@ruvector/agentic-synth
High-performance synthetic data generator designed for AI/ML training, RAG system evaluation, and agentic workflow testing. Generates realistic text, embeddings, Q&A pairs, conversations, and structured datasets.
Quick Reference
| Task | Code |
|---|---|
| Install | npx @ruvector/agentic-synth@latest |
| Create generator | new SynthGenerator(config) |
| Generate QA pairs | gen.generateQA(docs, count) |
| Generate embeddings | gen.generateEmbeddings(count, dims) |
| Generate conversations | gen.generateConversations(config) |
| Generate dataset | gen.generateDataset(schema) |
Installation
bash
npx @ruvector/agentic-synth@latest
Quick Start
typescript
import {
SynthGenerator,
QAGenerator,
ConversationGenerator,
DatasetGenerator,
} from '@ruvector/agentic-synth';
const gen = new SynthGenerator({ seed: 42 });
// Generate Q&A pairs from documents (for RAG evaluation)

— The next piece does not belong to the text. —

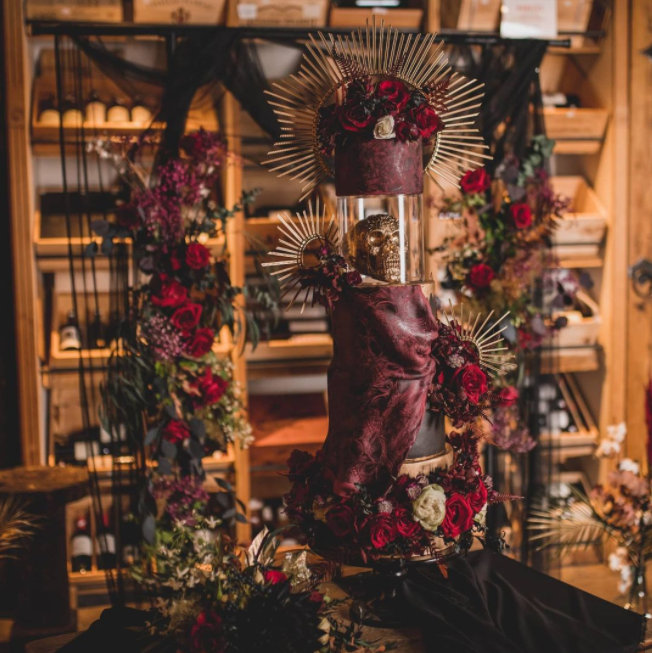 Raspberry and black colored 3 levels wedding cake with golden crown on top and golden skull, decorated with ecru and red roses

const qaPairs = await gen.generateQA(documents, {
count: 100,
difficulty: 'mixed',
includeNegatives: true,
});
console.log(qaPairs[0]);
// { question: "What is the max retry count?",
// answer: "The max retry count is 3",
// context: "...",
// difficulty: "easy",
// isNegative: false }
// Generate synthetic embeddings (for testing vector search)
const embeddings = gen.generateEmbeddings({
count: 10_000,
dimensions: 1536,
clusters: 50,
noise: 0.1,
});
// Generate agent conversations (for training/eval)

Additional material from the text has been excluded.